◆ What the exercise asks
Produce a verbatim copy of the lines from the one holding "the inside of a door with carpet tiles on it" through the last line of the listing, and nothing else.

◆ Given data

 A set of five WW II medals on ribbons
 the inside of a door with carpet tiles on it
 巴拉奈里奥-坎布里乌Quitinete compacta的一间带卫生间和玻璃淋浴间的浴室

◆ Answer
 the inside of a door with carpet tiles on it
 巴拉奈里奥-坎布里乌Quitinete compacta的一间带卫生间和玻璃淋浴间的浴室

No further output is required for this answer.